Mathematical problems with many possible solutions can help build divergent thinking skills. Exploring multiple solutions forces students to look beyond the obvious and . One such problem posed by Haylock is:

Given a nine-dot centimeter-square draw as many shapes as possible with an area of 2cm2, by joining up the dots with straight lines.

Most children come up with the easiest solution of drawing a rectangle 2cm x 1cm, but finding other kinds of shapes gets harder.  One highly creative solution shown in the picture above (Fig. b) uses two new ideas –  connecting non-adjacent dots and using an internal angle of 315o.

Overcoming Fixation

A key aspect of creativity is to break free from routine patterns of thinking (flexible thinking). By forcing students to drop their established mindsets helps them in examining a problem from different perspectives and arriving at better solutions. In the same study, Haylock gave students a series of questions in which the students are asked to find two numbers given their sum and difference. The first few example use only positive integers which sets the student’s mindset to expect solutions that use only positive whole numbers. Then the students are asked:

Find two numbers where the sum is 9 and the difference is 2.

A surprisingly large number of students assert that this is not possible. The more creative students were able to remove the self-imposed constraint of using only whole numbers and get to the right solution (5.5 and 3.5).

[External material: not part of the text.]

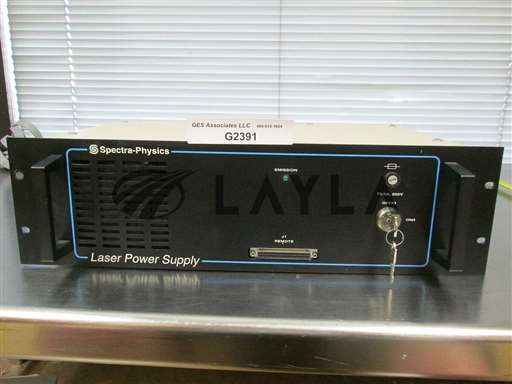 R2-8//Spectra-Physics R2-8 Laser Power Supply/SPECTRA-PHYSICS/_01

MindAntix Brainteaser: Many Uses

One of the most common divergent thinking tasks is the Alternate Uses (AU) Task where you take an everyday object and think of different uses it can be put to. For example, a cup could  be used as a flower vase or as a hat or even as a toy. Designed by psychologist J.P. Guilford in 1967, the Alternative Uses Task is used as a standard creativity task to evaluate fluency, flexibility, originality and elaboration of responses. But coming up with creative ideas is tricky because most people find it hard to move beyond their first strong associations. So, how can you jumpstart your brain into thinking of novel ideas?

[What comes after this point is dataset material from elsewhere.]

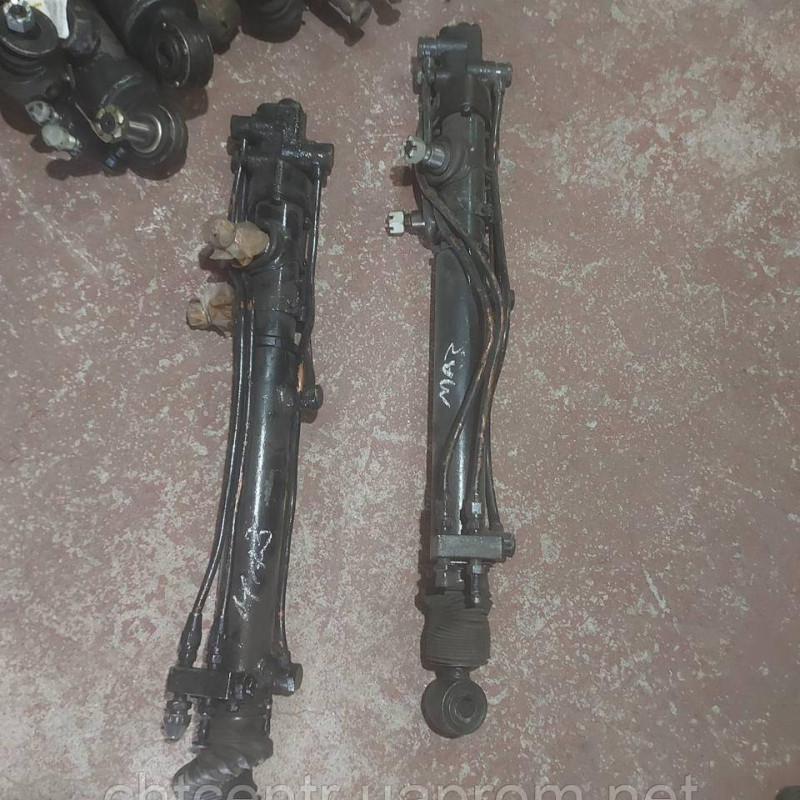 Гідропідсилювач рульового механізму а/м МАЗ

In a study done on the Alternate Uses Task, researchers found that participants arrived at more novel responses after listing more obvious ones (typically after 10 or more responses). In a different study on divergent thinking strategies, researchers analyzed how participants responded to alternate uses and discovered some interesting patterns. They found four underlying mechanisms that people use to trigger new ideas: Memory Use (pull pre-known responses from memory), Property Use (pick a property and search for functions using that property), Broad Use (review the object against a broad use like “transport”), and Disassembly Use (pick a component of the object and find a use for it).

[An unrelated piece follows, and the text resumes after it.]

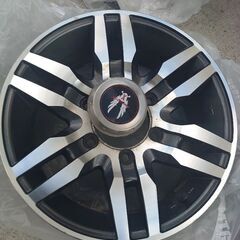 ホイール PPX PR-06 15インチ 6.0J ハイエース ガンメタリック  HIACE スポーティー ドレスアップ PR06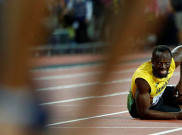 Nasib Tragis Manusia Tercepat, Forte: Usain Bolt Tak Berhenti Minta Maaf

We can apply the three step process for creative thinking to our cup example to discover novel ideas in a more structured way. As the first step, we dissect the object into its properties (glass, metal, round), function (drink liquids from), or assumptions (hold liquids, kept open side up). In the next step, we can try and change one or more of these properties and then see if the resulting object could be used for something else. For instance,

  • instead of holding liquids, it could hold solids (vase, piggy bank, pencil holder).
  • if it was inverted it could be used as hat or a lamp shade.
  • if it was made of paper, you could cut the circle at the bottom and use that as a coin.

Once you dissect in many dimensions, you get many more starting points to modify things and come up with neat uses. In fact, the responses deemed most creative (property use) in the divergent thinking study fit neatly into the dissect and manipulate approach. You could also include the third step, associate, to increase your idea fluency. For example if you attach a string and a ball to the cup you could make a new kind of paddle ball or kendama.

So, when you attempt the “Many Uses” brainteasers (a loosely constrained version of Alternate Uses) on MindAntix, or similar problems elsewhere, try to dissect and change things to trigger more unusual connections. And remember, your best ideas will likely come in the second wave – after the more obvious ones.